- **What this task involves**: Except for images, print the whole listing verbatim.

::: Records for the exercise

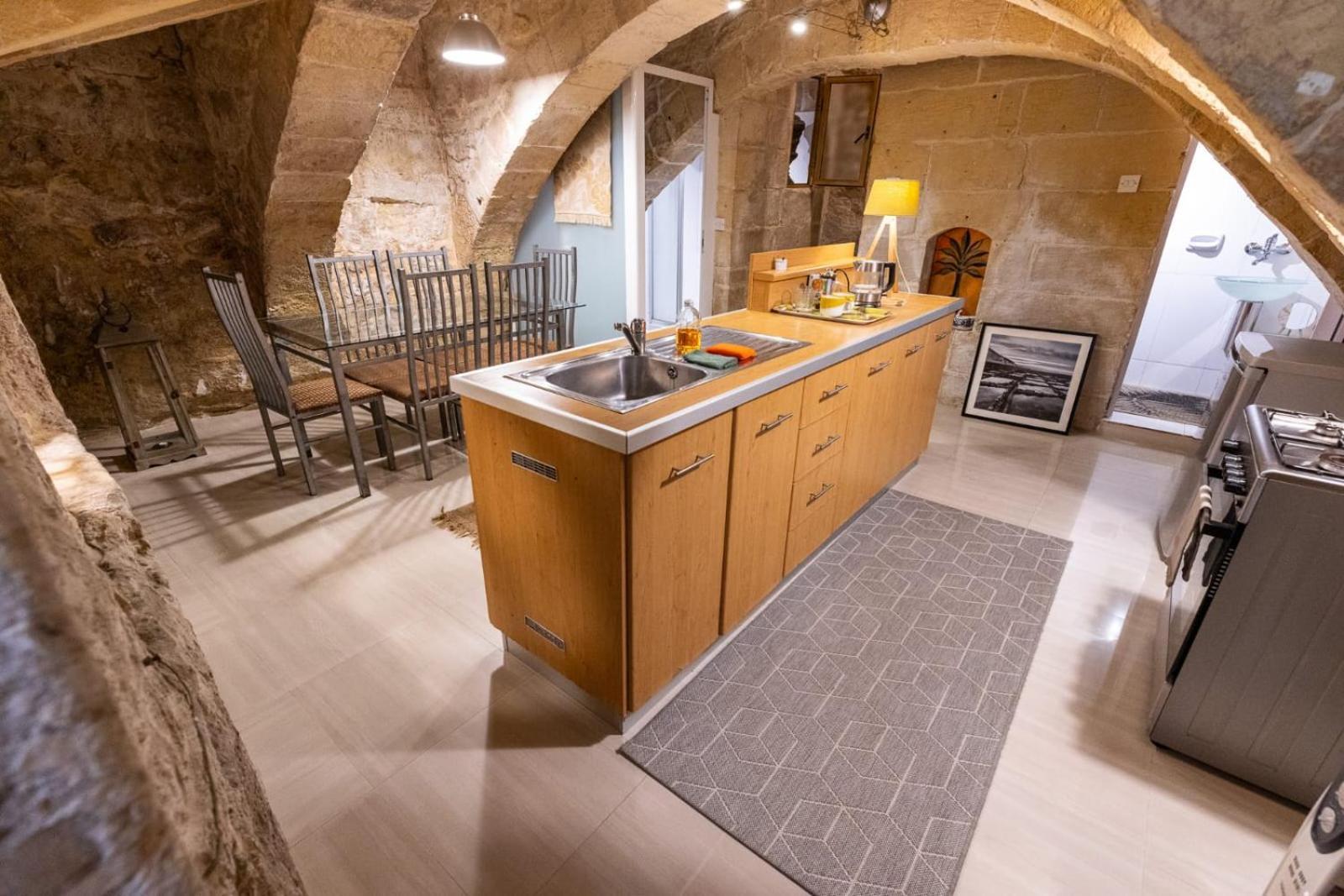 Apartment Valletta, Renaissance Building *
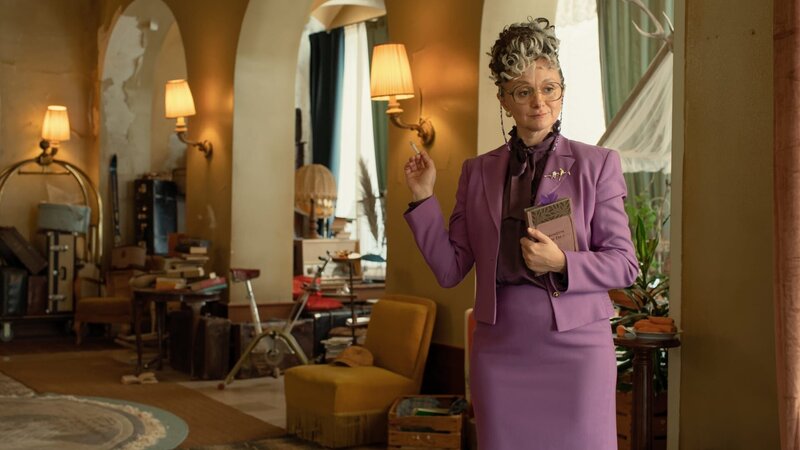 Franky Five Star – Bild: Sami Kuokkanen /​ ZDF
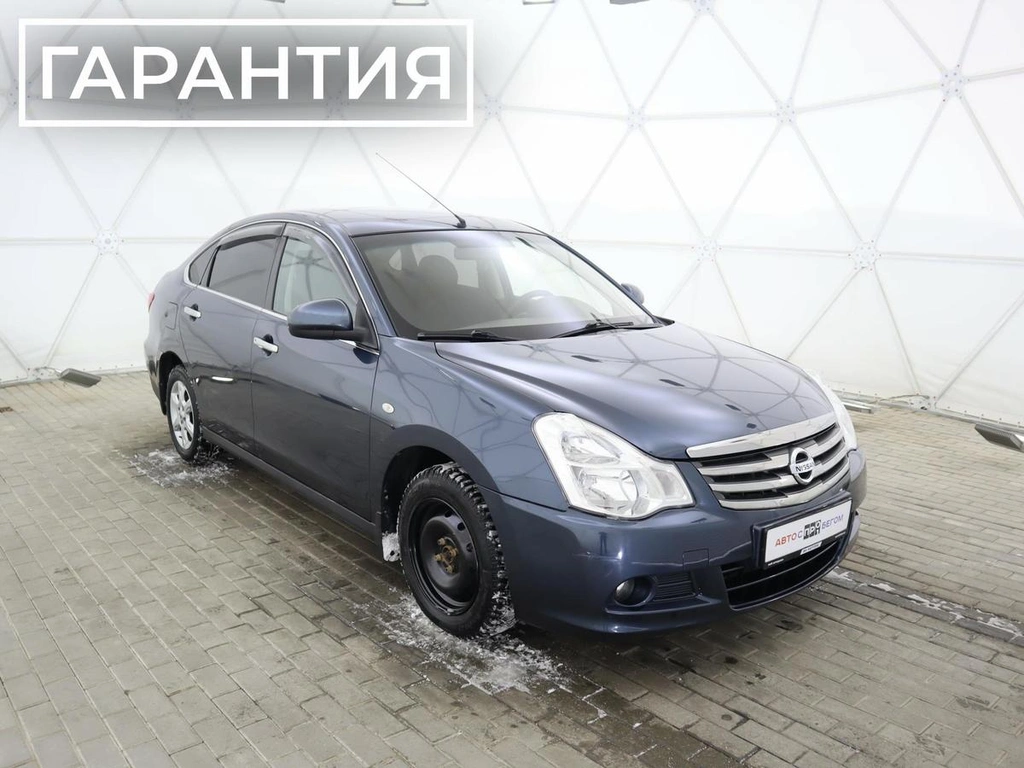 Седан Nissan Almera 2017 года, 849000 рублей, Обнинск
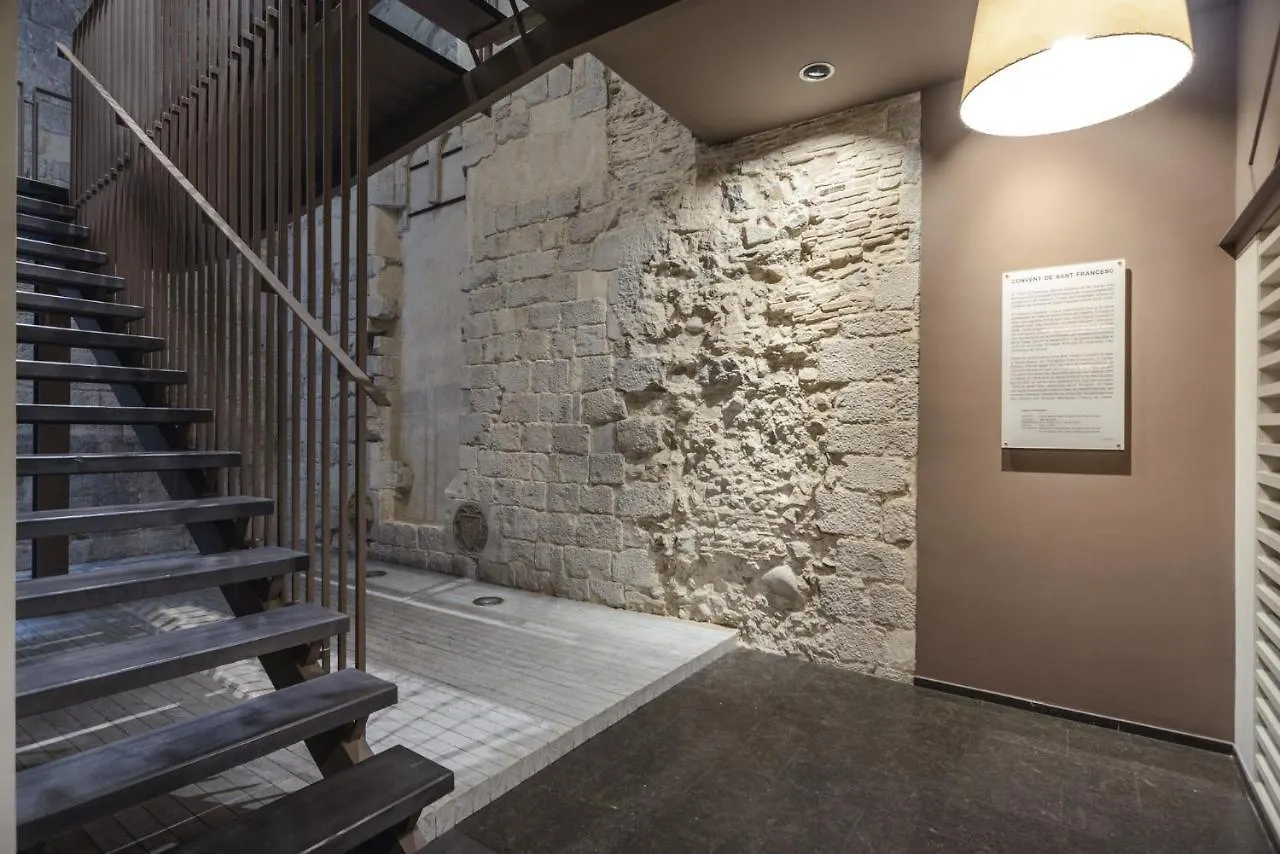 Apartmán Apg Carrer Nou Atic Girona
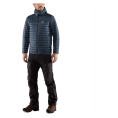 PIUMINO CON CAPPUCCIO EXPEDITION LATT UOMO - FJALLRAVEN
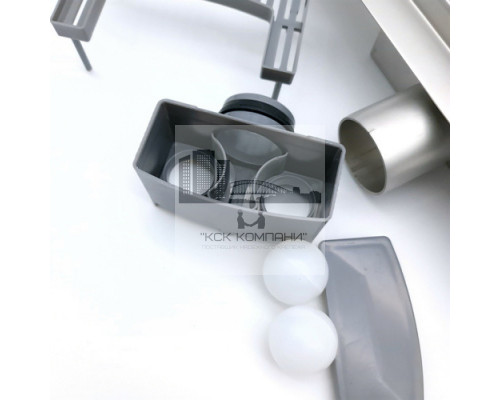 Трап под плитку 70х700мм , с сухим затвором BAD457002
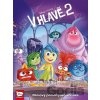 V hlavě 2 - Filmový příběh jako komiks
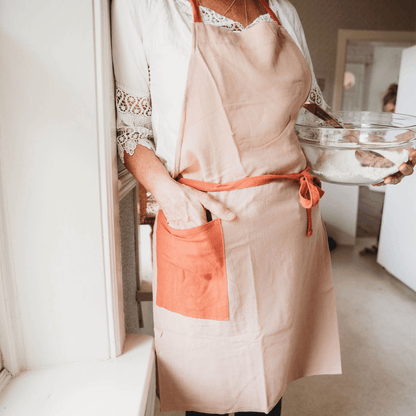 Almond - All-Day Classic Apron
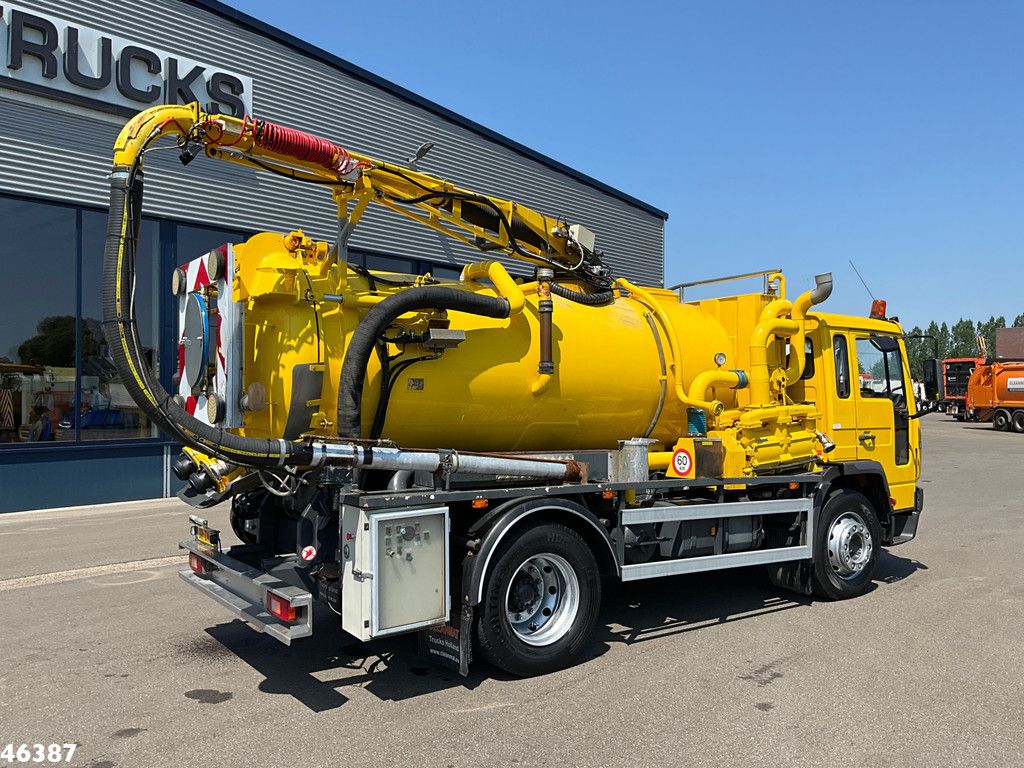 Volvo FL 220 Kolkenzuiger 5m³ Just 147.623 km!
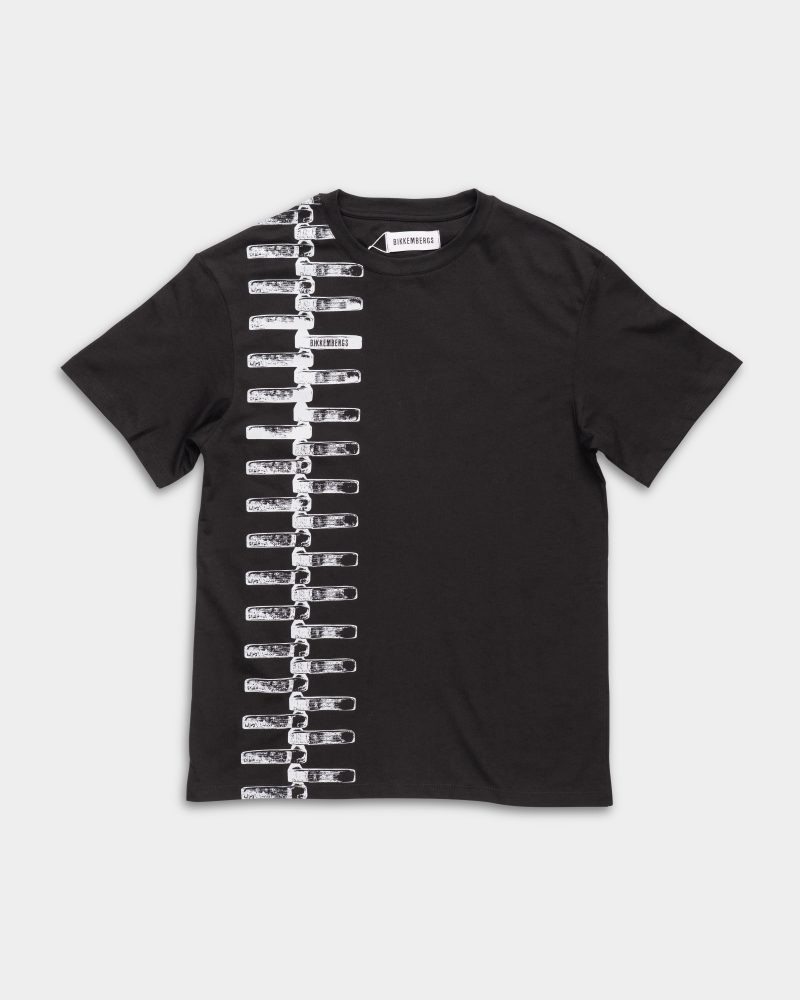 Bikkembergs Men's T Shirt | BMT1224-8000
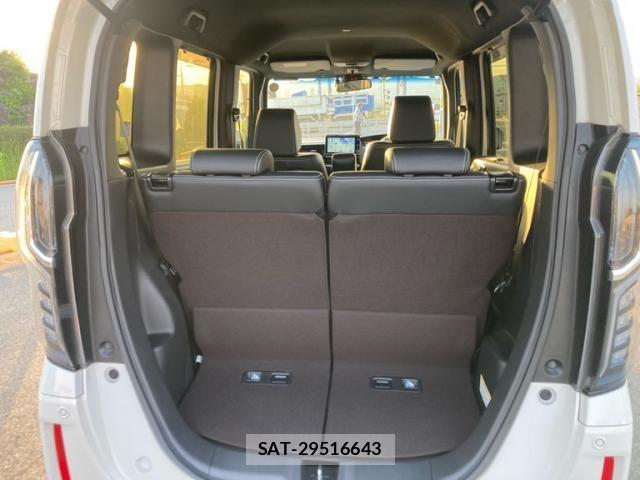 Honda N BOX CUSTOM 2019-12 7222620-9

::::::

- **Written answer**:
 Apartment Valletta, Renaissance Building *
 Franky Five Star – Bild: Sami Kuokkanen /​ ZDF
 Седан Nissan Almera 2017 года, 849000 рублей, Обнинск
 Apartmán Apg Carrer Nou Atic Girona
 PIUMINO CON CAPPUCCIO EXPEDITION LATT UOMO - FJALLRAVEN
 Трап под плитку 70х700мм , с сухим затвором BAD457002
 V hlavě 2 - Filmový příběh jako komiks
 Almond - All-Day Classic Apron
 Volvo FL 220 Kolkenzuiger 5m³ Just 147.623 km!
 Bikkembergs Men's T Shirt | BMT1224-8000
 Honda N BOX CUSTOM 2019-12 7222620-9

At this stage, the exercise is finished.